HIVE shares climbed about 5.6% on Monday after the news broke. Whether that enthusiasm holds depends entirely on whether the $200 million revenue target materializes — and whether Bell Canada's AI Fabric partnership can deliver the throughput HIVE is betting on.
Frequently Asked Questions
Why is HIVE Digital Technologies stopping Bitcoin mining in Sweden?
HIVE cited enforcement actions and disputed tax assessments by Swedish authorities, including a security deposit requirement tied to contested VAT rules. Despite receiving supportive opinions from multiple law firms and academics, the regulatory environment made continued ASIC-based Bitcoin mining economically unviable at its Boden facility.
What is HIVE's BUZZ HPC subsidiary doing in Canada?
HIVE's BUZZ High Performance Computing subsidiary is expanding its liquid-cooled AI data center capacity from 4 MW in Manitoba to 16.6 MW across two Canadian provinces through a partnership with Bell Canada AI Fabric, with a new colocation site in British Columbia supporting up to 2,000 AI-optimized GPUs.
What revenue target has HIVE set for its AI business?

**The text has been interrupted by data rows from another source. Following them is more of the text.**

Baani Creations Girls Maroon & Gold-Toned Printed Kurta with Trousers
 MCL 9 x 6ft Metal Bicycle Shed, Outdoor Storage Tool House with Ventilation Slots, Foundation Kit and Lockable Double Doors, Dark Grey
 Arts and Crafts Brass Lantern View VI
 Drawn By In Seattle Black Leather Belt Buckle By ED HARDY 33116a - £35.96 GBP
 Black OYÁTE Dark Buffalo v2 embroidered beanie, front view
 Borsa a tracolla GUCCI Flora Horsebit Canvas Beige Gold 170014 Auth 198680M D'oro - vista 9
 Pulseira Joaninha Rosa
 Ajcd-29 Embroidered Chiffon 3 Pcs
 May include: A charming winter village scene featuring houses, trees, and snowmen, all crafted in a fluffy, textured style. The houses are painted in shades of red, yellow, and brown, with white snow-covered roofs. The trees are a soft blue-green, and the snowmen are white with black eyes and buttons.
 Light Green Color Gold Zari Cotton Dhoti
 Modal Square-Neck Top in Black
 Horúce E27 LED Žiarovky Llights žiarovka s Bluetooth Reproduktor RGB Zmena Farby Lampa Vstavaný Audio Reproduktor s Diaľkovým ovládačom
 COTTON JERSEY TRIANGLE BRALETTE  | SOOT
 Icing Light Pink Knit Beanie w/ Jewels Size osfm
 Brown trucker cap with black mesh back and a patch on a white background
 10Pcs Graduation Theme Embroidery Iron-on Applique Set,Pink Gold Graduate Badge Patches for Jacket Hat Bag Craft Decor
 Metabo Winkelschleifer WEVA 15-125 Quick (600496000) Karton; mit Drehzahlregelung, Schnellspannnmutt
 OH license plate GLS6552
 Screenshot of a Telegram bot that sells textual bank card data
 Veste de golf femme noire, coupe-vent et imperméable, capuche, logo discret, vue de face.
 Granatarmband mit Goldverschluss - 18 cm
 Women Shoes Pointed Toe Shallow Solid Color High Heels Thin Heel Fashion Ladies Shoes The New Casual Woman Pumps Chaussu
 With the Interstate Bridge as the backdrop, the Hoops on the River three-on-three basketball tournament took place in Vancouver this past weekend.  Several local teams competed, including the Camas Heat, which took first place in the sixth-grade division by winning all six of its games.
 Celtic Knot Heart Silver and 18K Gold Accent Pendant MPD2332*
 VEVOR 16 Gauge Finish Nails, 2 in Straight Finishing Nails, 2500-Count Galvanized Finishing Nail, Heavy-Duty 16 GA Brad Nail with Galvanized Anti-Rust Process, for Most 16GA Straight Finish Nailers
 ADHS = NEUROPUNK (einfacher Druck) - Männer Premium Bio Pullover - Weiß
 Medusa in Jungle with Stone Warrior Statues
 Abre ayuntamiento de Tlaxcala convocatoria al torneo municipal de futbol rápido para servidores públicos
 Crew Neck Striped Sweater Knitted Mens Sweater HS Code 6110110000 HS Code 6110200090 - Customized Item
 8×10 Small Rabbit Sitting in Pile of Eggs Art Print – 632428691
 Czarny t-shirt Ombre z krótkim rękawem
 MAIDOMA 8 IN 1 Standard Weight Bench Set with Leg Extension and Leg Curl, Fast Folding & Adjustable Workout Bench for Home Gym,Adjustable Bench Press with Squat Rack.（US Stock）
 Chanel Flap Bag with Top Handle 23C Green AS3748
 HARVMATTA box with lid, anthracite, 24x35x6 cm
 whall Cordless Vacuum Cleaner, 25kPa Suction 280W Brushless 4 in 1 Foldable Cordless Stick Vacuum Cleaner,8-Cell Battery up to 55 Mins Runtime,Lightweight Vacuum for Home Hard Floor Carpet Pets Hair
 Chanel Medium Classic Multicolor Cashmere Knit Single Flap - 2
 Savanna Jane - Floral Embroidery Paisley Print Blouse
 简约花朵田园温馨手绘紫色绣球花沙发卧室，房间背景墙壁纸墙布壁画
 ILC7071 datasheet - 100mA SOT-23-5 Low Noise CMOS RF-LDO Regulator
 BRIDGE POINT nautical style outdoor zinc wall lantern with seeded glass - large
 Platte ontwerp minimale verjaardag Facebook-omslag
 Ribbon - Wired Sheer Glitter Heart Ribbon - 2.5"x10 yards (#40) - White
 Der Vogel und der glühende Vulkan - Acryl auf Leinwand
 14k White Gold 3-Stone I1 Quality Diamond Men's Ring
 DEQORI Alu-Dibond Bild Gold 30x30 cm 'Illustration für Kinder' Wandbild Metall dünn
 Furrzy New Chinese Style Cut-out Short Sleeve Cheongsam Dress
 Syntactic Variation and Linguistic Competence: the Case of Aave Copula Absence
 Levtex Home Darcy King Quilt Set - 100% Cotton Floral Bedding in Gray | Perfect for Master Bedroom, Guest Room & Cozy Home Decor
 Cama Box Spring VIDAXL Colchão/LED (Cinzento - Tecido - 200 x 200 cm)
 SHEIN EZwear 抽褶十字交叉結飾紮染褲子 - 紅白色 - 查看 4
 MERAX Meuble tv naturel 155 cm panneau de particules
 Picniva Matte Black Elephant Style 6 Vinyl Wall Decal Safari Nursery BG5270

HIVE is targeting approximately $200 million in contracted annualized run-rate revenue from its high-performance computing business by the end of its fiscal year on March 31, 2027, driven by Canadian GPU deployments and enterprise AI infrastructure partnerships.
What GPU hardware is HIVE deploying for AI workloads?
HIVE's Boden facility in Sweden is being upgraded to support NVIDIA GB300 GPU architecture clusters for AI training and inference. In Canada, HIVE plans to deploy over 4,000 next-generation AI-optimized GPUs across Manitoba and British Columbia data centers, with a growth path to 6,000-plus GPUs.